Your instructions:
Exclude the pictures and reproduce the remaining data exactly as written.

Available data:

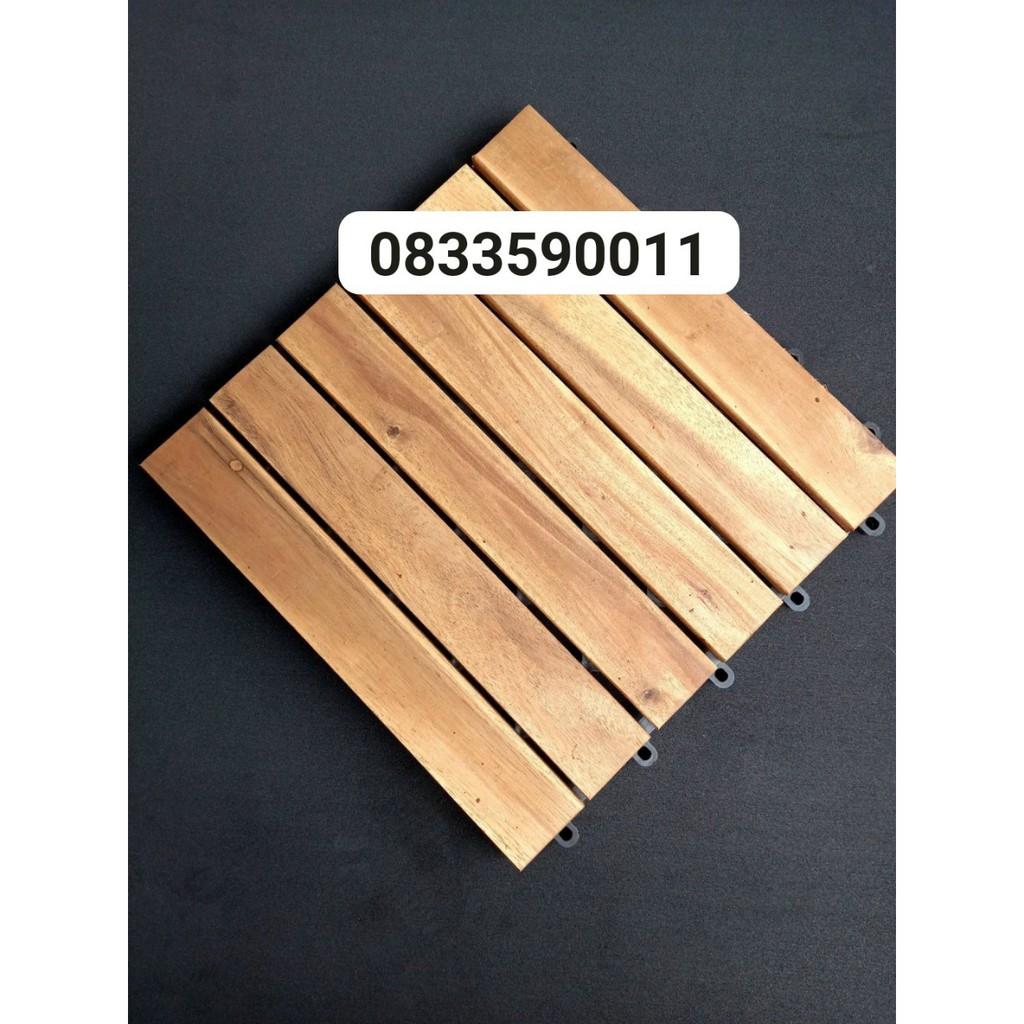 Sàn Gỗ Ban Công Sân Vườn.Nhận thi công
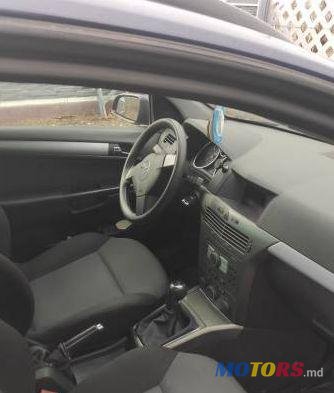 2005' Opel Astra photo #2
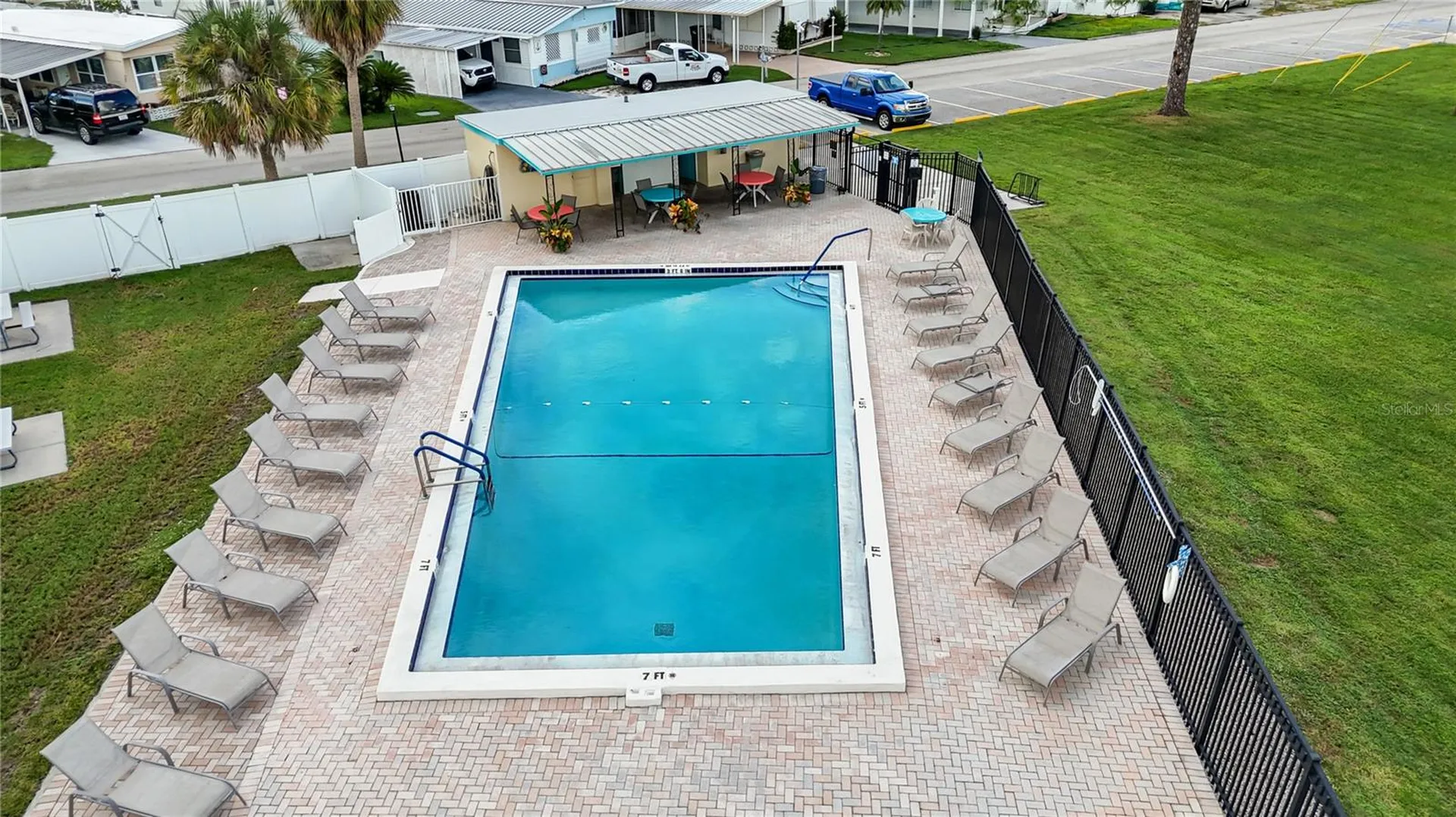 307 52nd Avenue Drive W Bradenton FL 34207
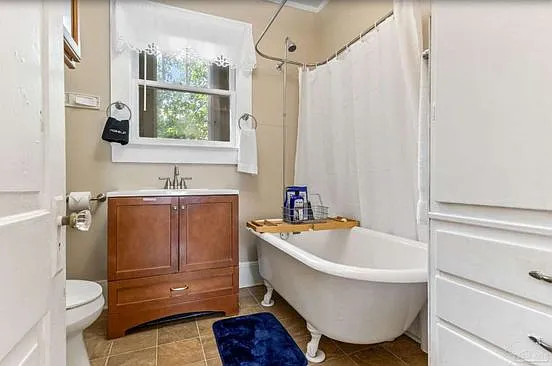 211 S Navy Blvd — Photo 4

Result:
 Sàn Gỗ Ban Công Sân Vườn.Nhận thi công
 2005' Opel Astra photo #2
 307 52nd Avenue Drive W Bradenton FL 34207
 211 S Navy Blvd — Photo 4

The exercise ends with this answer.